What UK inflation data tells us about the outlook for interest rates

London Economics team

UK inflation data is showing the effect of the conflict in the Middle East.


UK CPI inflation climbed to 3.3% in March from 3.0% in February, matching consensus expectations (Investec 3.2%). The ‘core’ measure, which excludes energy, food, alcohol and tobacco, slipped to 3.1% from 3.2%, against market expectations of a steady rate of 3.2% (Investec 3.1%).

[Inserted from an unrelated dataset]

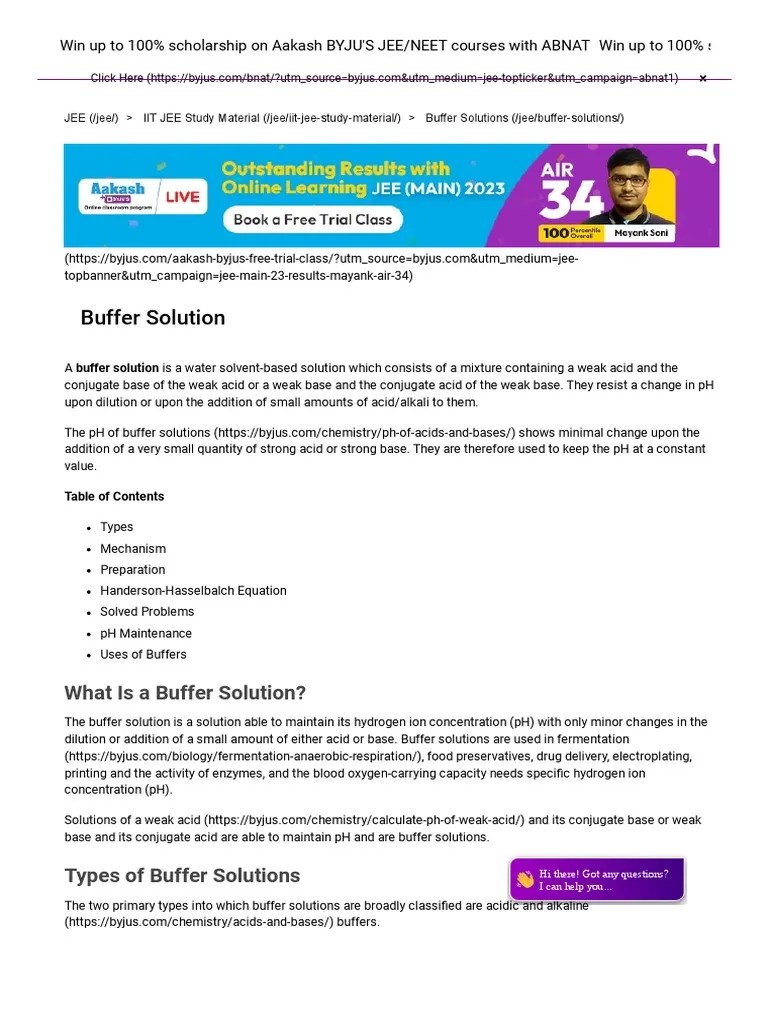 Buffer Solution - Acidic And Basic Buffers, Preparations, Examples.pdf ...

The largest upward contributor to headline inflation in March was transport, reflecting both an 8.7% surge in petrol prices on the month, but also a monthly jump in airfares of 10.0% versus a 0.3% drop in March 2025 – seemingly because long-haul fares this time related to the Tuesday just after the Easter weekend – which took the annual increase up to 14.5% from 3.8%. Housing & household services also added to the overall inflation rate, while clothing and footwear provided some offsetting downward pressure.

Energy costs in total climbed by 5.4% on the month. This is considerably more modest that than the 7.0% increase recorded in the eurozone and partly reflects that the bulk of movements in UK domestic gas and electricity prices occurs with a lag, due to the mechanics of the Energy Price Cap. The impact on the UK CPI of higher wholesale gas and electricity prices will be reflected beginning with July’s data, when the cap is reset (it was lowered by 7% at the start of this month, which will contain inflation during Q2).

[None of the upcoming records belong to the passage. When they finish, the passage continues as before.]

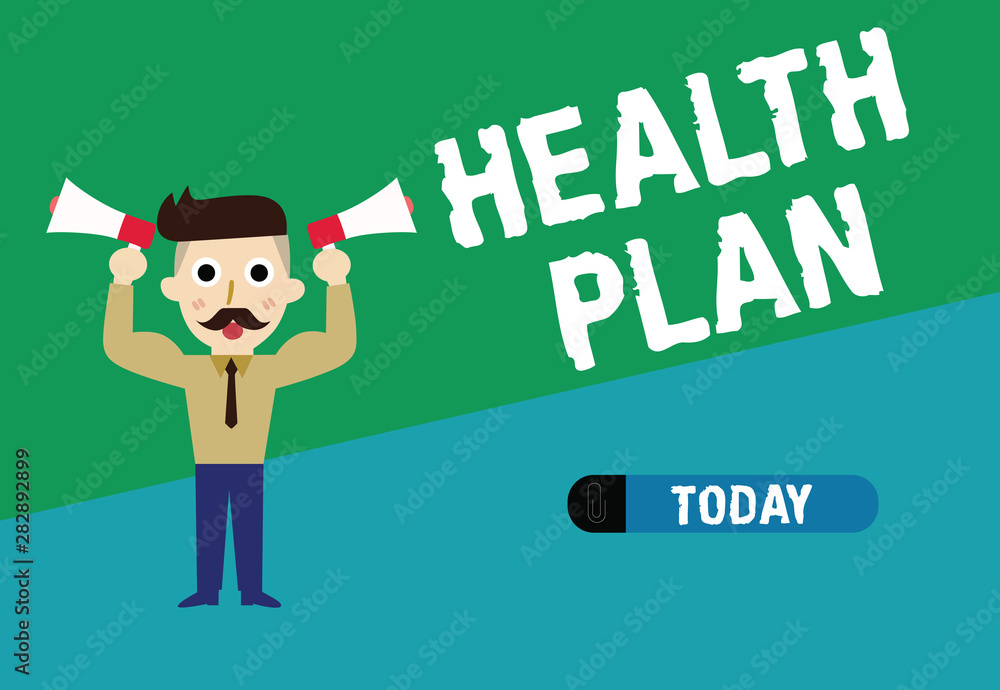 Naklejka premium Handwriting text writing Health Plan. Concept meaning Any strategy that offers medical services to its members.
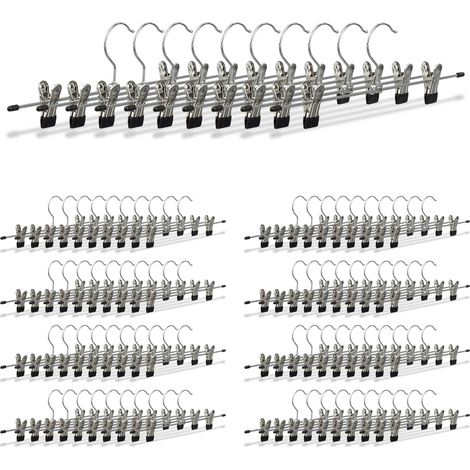 Relaxdays Metal Clothes Hangers, Adjustable Trouser Clamps, HxWxD: 9x35.5x2.5 cm, Silver/Black, Set of 90
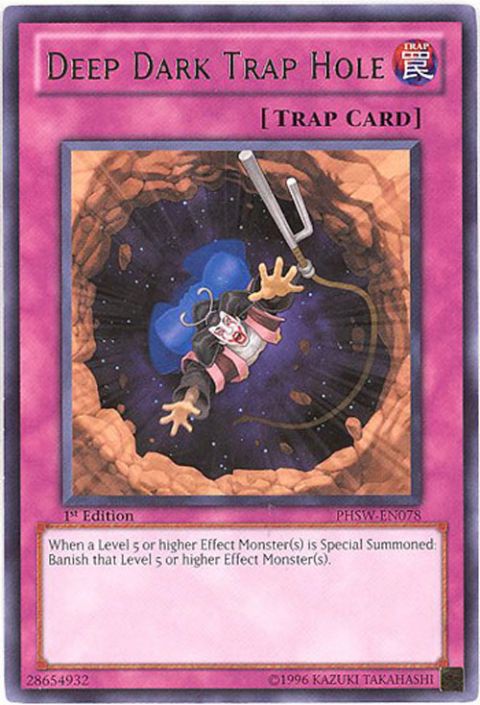 Yu-Gi-Oh Card - PHSW-EN078 - DEEP DARK TRAP HOLE (rare) Yu-Gi-Oh Card - PHSW-EN078 - DEEP DARK TRAP HOLE (rare)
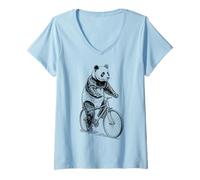 Womens Cycling Bicycle Panda Bear Vintage Cyclist Biker Animal V-Neck T-Shirt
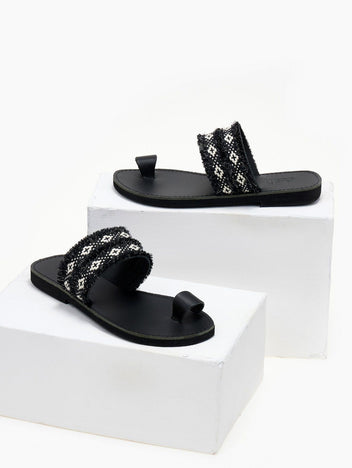 Σανδάλια με boho φάσα Estil - Μαύρο - thefashionproject.gr - Estil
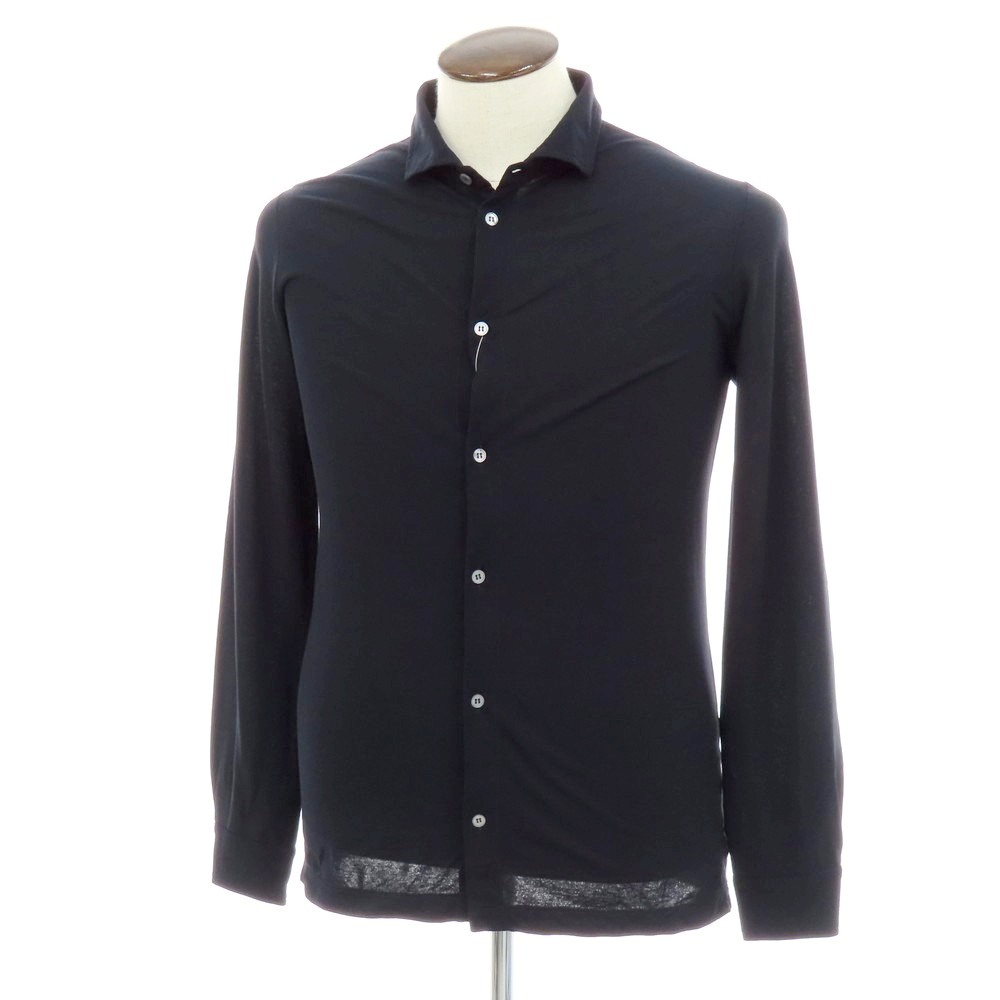 【新品】ザノーネ ZANONE アイスコットン ワイドカラー カジュアルシャツ ダークネイビー【サイズ52】【S/S】【状態ランクN】【メンズ】[APD]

The key question of course is the extent to which inflation continues to climb and whether the environment resembles the situation three to four years ago, when the headline rate of CPI reached 11.1% in October 2022, after which the ‘core’ measure peaked at 7.1% seven months later. Reassuringly the situations are very different, not least due to the level of wholesale natural gas prices. The UK near-term contract is currently trading at 104p, and while this represents a material increase from pre-war levels of 79p, we note that gas prices rocketed to 640p in the summer of 2022 (with winter contracts higher still).

Inflation has undoubtedly further to rise as utility prices increase and goods and services providers pass on higher costs to consumers. Indeed, today’s PPI data showed output price inflation strengthening to 2.6% in March from 1.8% in February, and input prices jumped by 4.4% on the month. Nonetheless with a moderation in global energy prices evident over recent weeks and last April’s 26% jump in water prices to provide a favourable base effect this year, we judge that the peak in CPI inflation will be contained to a peak a little below 4.0% after the summer. On our forecasts, the most likely profile for inflation this year looks similar to last year, when the headline rate reached 3.8% during the summer, not the surge in 2022.

The read through to monetary policy should be that the MPC can sit tight and avoid raising rates, and if we are correct about inflation subsequently returning to a profile consistent with the 2.0% inflation target, reductions in interest rates should be back on the cards at some stage in early 2027.

The absence of a major surprise in this report meant that there was little market reaction, especially with international attention focused on the extended ceasefire between the US and Iran and much domestic focus on Sir Keir Starmer’s troubled premiership.